Using EMTF FCU and the new XML-based data format, we for the first time put together a searchable public resource for MT TFs, IRIS EMTF data product at the IRIS DMC (IRIS EMTF, 2018; see also Trabant et al., 2012; Kelbert et al., 2018a). This international database currently includes 5186 sites from 124 surveys collected in the scope of 16 projects. We have made it easy for the community to archive their MT data, and we continue to solicit and receive data contributions. This database is currently widely used by the international MT and space weather communities for teaching and research. Thus, our EMTF XML development has for the first time allowed global and extensive MT data sharing, allowing MT researchers easy access to modern and historical data worldwide.

We also worked with IRIS to develop a DOI strategy for MT data. Data collection and processing require a lot of effort and do not necessarily result in a publication. The capability to assign DOIs to data sets stored at IRIS, directly, thus making them citable for career-related purposes, provides an invaluable incentive to MT community members to continue sharing their data. Additionally, citing the data sets helps track the end-users of each of the data collection efforts, both to assess the usefulness of a project and to propagate corrections and data-related information to the end users. Initially, IRIS DMC could only effectively assign a DOI to (1) all of MT TFs together or (2) each specific data submission.
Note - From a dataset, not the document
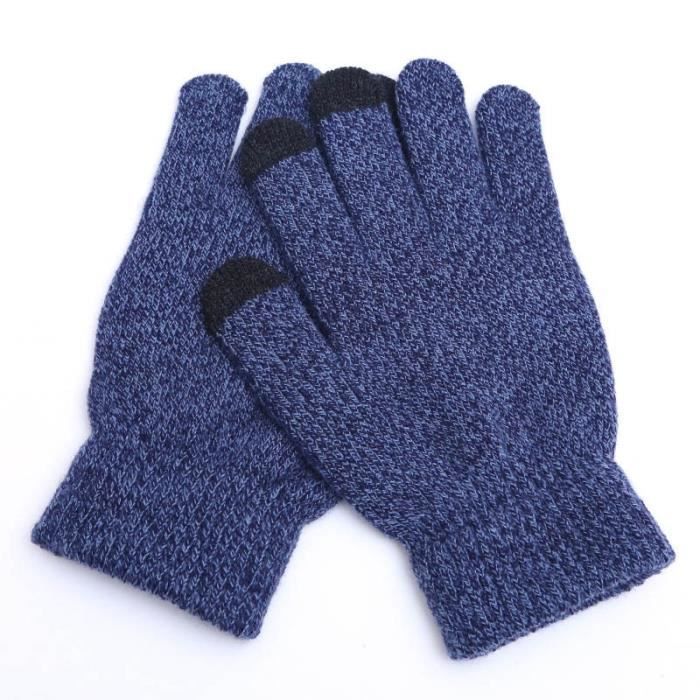 ELEGANCE ESTELLE Gant Laine Hiver Adulte écran tactile gants femmes chaud Stretch tricoté sans couture à laine pleins doigts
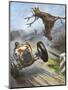 Car Hits Stag-Vittorio Pisani-Mounted Art Print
Unfortunately, assigning a separate DOI to each of the data files would result in an unmanageable database; most end users would use hundreds of sites in each journal publication and would not be able to cite each data file independently (rendering the DOIs useless because they would not be used in practice). On the other hand, a citation to the IRIS EMTF database as a whole would not give the necessary credit to the principal investigators for their efforts in data collection. We have agreed on a strategy that would assign a separate DOI to each Project/Survey combination found in the database. This strategy is now implemented and supported by the EMTF XML data format.

We conceived and developed a novel, flexible and extensible, EMTF XML data format for MT and, potentially, other EMTFs. We also developed a set of open-source EMTF XML EDI converters for MT TFs, which we have called electromagnetic transfer function format conversion utilities (EMTF FCU). For these tools, we used Fortran 90 programming language, making it straightforward for our community to embed the reading and writing routines in their codes. These utilities, which have now matured over a decade of active use, have a great deal of flexibility and correct a large number of inevitable historical metadata omissions, while also allowing the user to supply extensive optional metadata. Additionally, EMTF FCU support arbitrary coordinate rotations, as well as conversions between other common MT file formats, and they have the potential to be easily further extensible.

The novel MT format conversion utilities (EMTF FCU) and the corresponding EMTF XML data format have the following basic intentions:

  1. 1)

    Provide a more modern and general alternative to the EDI standard that would accommodate a wider range of EMTFs, and

  2. 2)

    allow for easy archiving and sharing of historical and modern EMTFs in a searchable, widely available online database.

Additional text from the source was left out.